┌──
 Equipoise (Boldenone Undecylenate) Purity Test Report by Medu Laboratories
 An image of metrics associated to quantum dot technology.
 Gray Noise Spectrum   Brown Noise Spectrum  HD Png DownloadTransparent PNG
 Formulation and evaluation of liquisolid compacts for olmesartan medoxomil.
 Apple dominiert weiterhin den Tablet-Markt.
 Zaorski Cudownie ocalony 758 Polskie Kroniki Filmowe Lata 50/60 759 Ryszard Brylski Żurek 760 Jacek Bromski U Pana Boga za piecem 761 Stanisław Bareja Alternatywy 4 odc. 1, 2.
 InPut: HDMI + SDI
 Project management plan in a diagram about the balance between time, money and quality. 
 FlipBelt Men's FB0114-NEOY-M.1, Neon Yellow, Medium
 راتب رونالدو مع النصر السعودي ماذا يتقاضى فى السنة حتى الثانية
└──
┌──
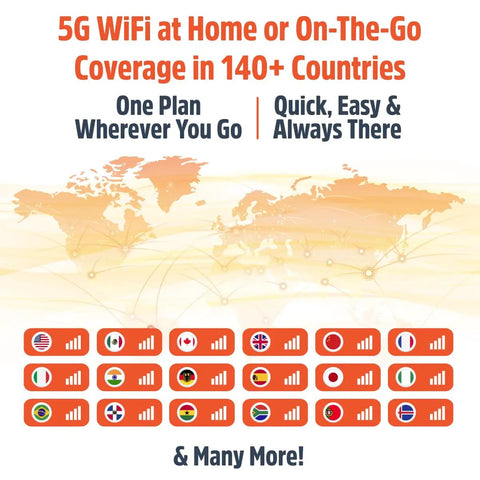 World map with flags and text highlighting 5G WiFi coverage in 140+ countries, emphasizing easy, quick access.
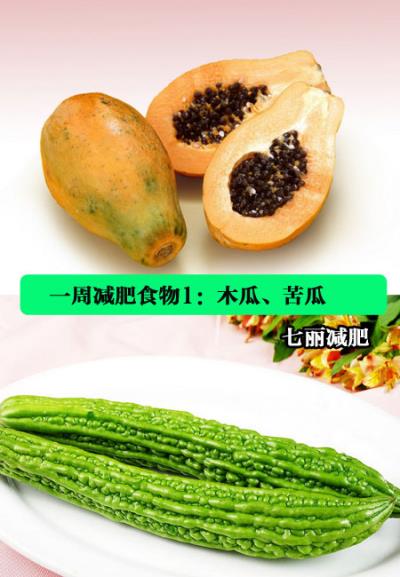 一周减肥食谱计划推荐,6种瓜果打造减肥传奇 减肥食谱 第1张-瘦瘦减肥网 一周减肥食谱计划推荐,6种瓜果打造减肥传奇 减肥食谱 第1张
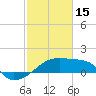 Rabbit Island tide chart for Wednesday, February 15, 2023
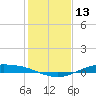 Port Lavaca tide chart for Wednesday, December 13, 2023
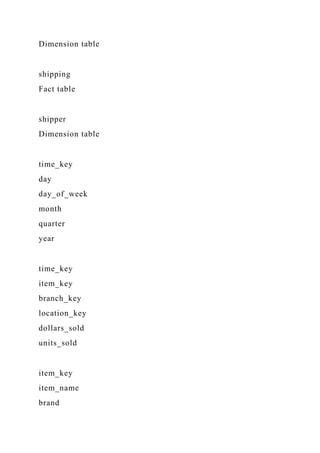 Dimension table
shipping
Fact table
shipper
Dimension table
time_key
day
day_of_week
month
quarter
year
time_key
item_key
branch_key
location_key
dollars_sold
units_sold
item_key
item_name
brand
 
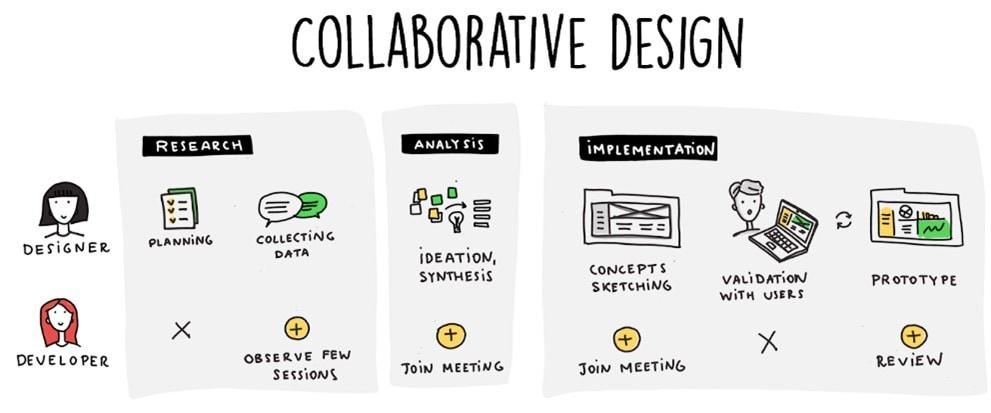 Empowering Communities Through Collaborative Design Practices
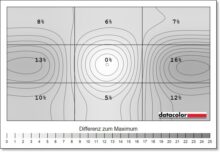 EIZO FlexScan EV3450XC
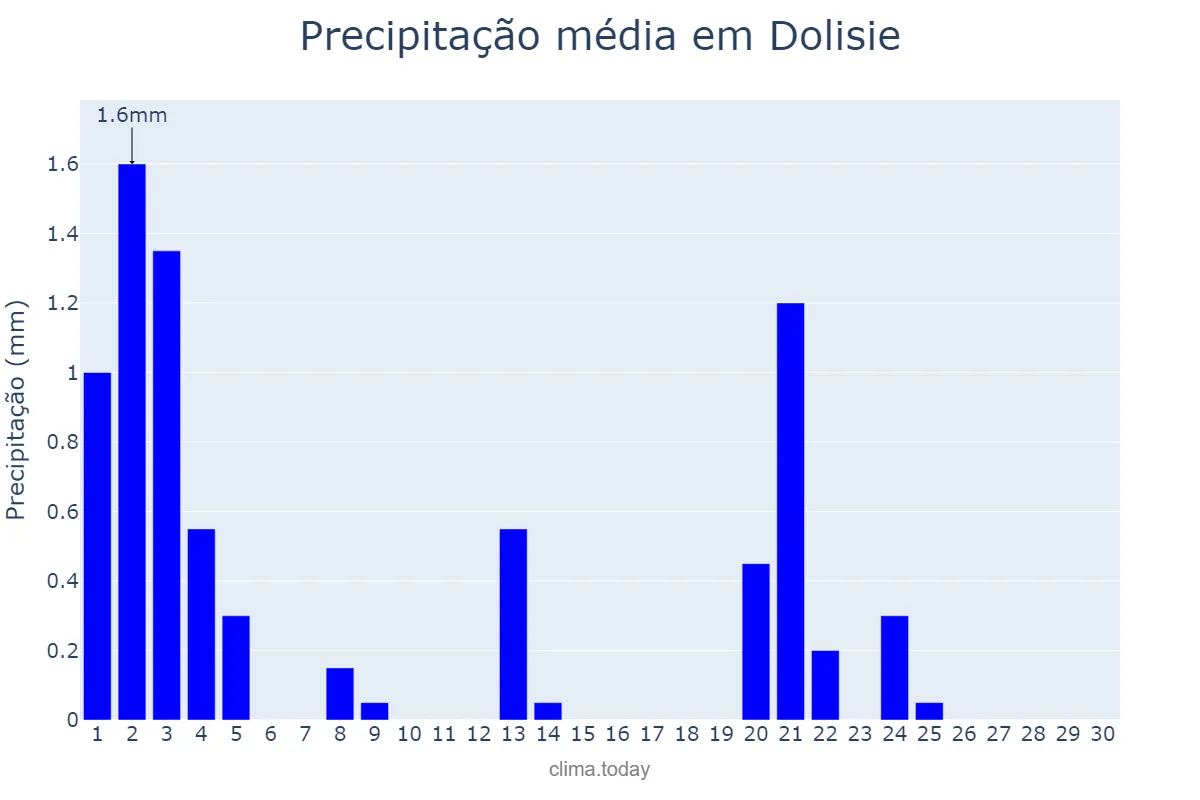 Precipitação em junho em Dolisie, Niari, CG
└──
» What the task requires: Of the lines above, extract only those from the line with "Equipoise (Boldenone Undecylenate)" to the line with "Apple dominiert weiterhin den Tablet-Markt.", both included, exactly as written.

» Response:
 Equipoise (Boldenone Undecylenate) Purity Test Report by Medu Laboratories
 An image of metrics associated to quantum dot technology.
 Gray Noise Spectrum   Brown Noise Spectrum  HD Png DownloadTransparent PNG
 Formulation and evaluation of liquisolid compacts for olmesartan medoxomil.
 Apple dominiert weiterhin den Tablet-Markt.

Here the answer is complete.